彼女のその反応で、いかに今までの自分がアレックスにしつこく付きまとっていたかが想像つく。
そういえば、何かしら用事を作っては、せっせと王宮に行ってアレックスの姿を探していた気がする。
前世でいえば、ストーカー。いや、財力と権力がある分それ以上にたちが悪いと言えよう。
そして残念なことにローザはクールな悪役令嬢ではなく、狡猾で陰湿な悪役令嬢だ。
だが、悪役令嬢だけあって、さすがに見た目だけはよかった。いやむしろ見た目以外が性格も含めてすべて悪すぎる。
ふとへこみそうになるが、ここで負ければローザが父の金を使って贅沢三昧の生活を送るという夢は潰えてしまう。
今までも十分贅沢をしてきたが、どちらかというとアレックスをストーキングしていた時間と、取り巻きと楽しくお茶を飲んでいた時間の方が長かった気がする。

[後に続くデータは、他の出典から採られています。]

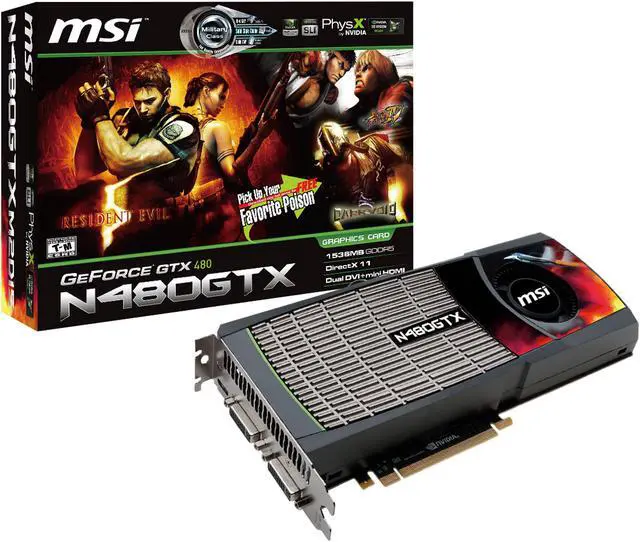 Alt view image 4 of 4 - MSI GeForce GTX 480 (Fermi) 1536MB GDDR5 PCI Express 2.0 x16 SLI Support Graphics Card N480GTX-M2D15-B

基本ローザは人から持ち上げられたり、ほめられたりすることが大好きなのだ。
(私、どれだけおめでたい悪役なのよ。狡猾というより、馬鹿なの? 絶対、馬鹿でしょ?)
過去を思い出しげんなりする。
「ヘレナ、これからの私は違うわ。変わるのよ」
殺されない未来のために決意も新たに宣言する。
「ええ、今日は閣下を前にしても、お静かでしたものね」
ヘレナが感心したようにうなずく。
そこで、ローザはハッとする。
イーサンにも秋波を送っていたことを思い出した。
(ああ、なんて恐ろしいの。私ったらとんでもない女だったのね! 世の中のすべての男は皆自分のことが好きだと思いこむなんて! そりゃ、確かに美女だけれど。かわいさのかけらもないわ)

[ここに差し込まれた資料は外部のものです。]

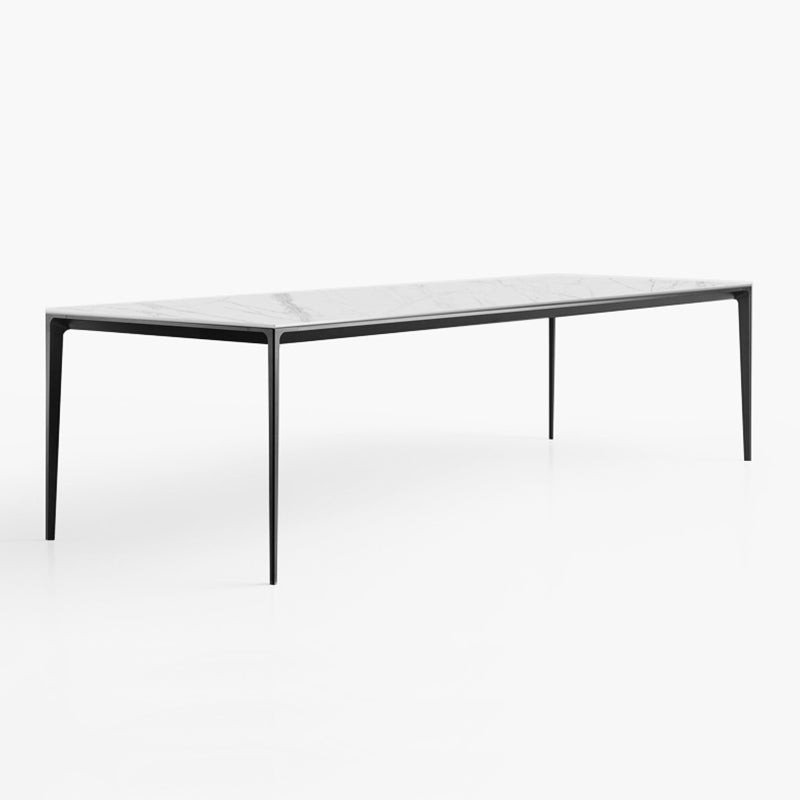 Industrial Style Sintered Stone Table 4 Legs Black Base Rectangle Table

ローザは頭痛と共に、よみがえった今世での己の黒歴史に身もだえた。
「ああ! どうすればいいの、私! 恥ずかしくて、外も歩けないわ!」
バンバンと枕をたたいているとヘレナが慌てローザを止める。
「ええ? お嬢様、いったい、どうなさってしまったのですか!」
前世の記憶が戻るまで、アレックスに疎まれているなど、これっぽっちも気づいてなかった。
だが、今ならばはっきりとわかる。
そして漫画の中では、アレックスはすでにエレンと出会っていて二人はひかれあっている。
(私はアレックス殿下から嫌われていた。ついでに推しのイーサン様からも)
ローザは二人から冷たい視線をちょいちょい送られていたのを思い出す。
「つらいのよ。ヘレナ。つらすぎるわ」
ヘレナはすっかり情緒不安定になったローザをどうにかなだめすかした。